◆“懐メロバンド”にはならない理由

 まずは若いミュージシャンとの違いです。

 King GnuやOfficial髭男dism、シンガーソングライターなら米津玄師やVaundyなどの新世代のアーティスト。彼らの楽曲は、複雑な和音や転調と込み入ったリズムを多用しながら、サウンドの面では様々なジャンルに精通していることがわかる作りになっています。

 年齢的にデジタルネイティブであることもあり、学習から実装までの間にタイムラグが生じないアドバンテージもある。

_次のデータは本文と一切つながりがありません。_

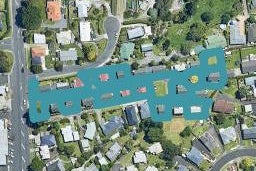 18 Jacaranda Close, Brookfield, Tauranga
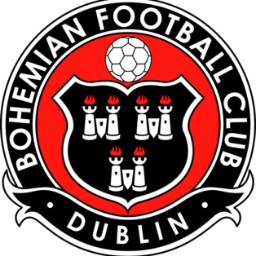 Bringing junior soccer teams to play at half time in the home of Irish football, Dalymount Park. Message us to arrange a visit for your team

ひとつの曲のなかで、豊富な知識をまとめる手際のよさにかけて急速に発展を遂げているのです。

 スピッツはそれとは明らかに質感が異なります。彼らの曲に外付けされた知識を感じることはほとんどありません。あくまでも草野マサムネの歌とメロディを聞かせるためのバンドなのですね。

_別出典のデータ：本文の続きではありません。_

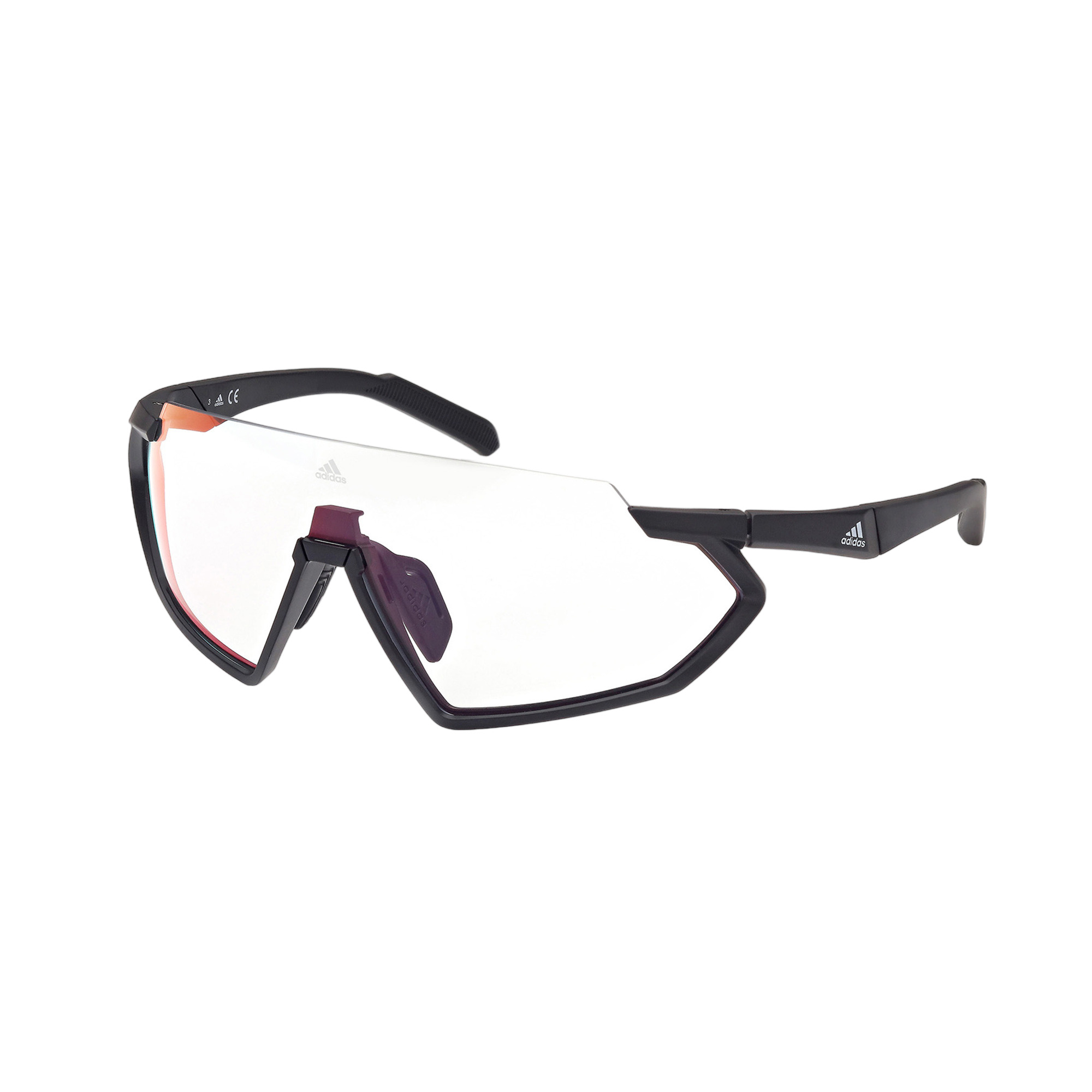 Adidas photochromic online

 だからといって工夫がないわけない。スピッツの場合、知識ではなく知恵としてあらわれます。たとえば、「渚」のサビでボーカルとベースがハモる部分。時間にしてほんの数秒。目立ちませんが、勘所を押さえるアレンジはお見事。

「美しい鰭」の歌いだしの変拍子も、ただバンドに技術があることを見せるのではなく、歌と歌詞に必要だからやっている。これも曲のフォルムを特徴づけるための知恵なのです。

 こうした武器を磨き続けているからこそ、“懐メロバンド”にはならないのでしょう。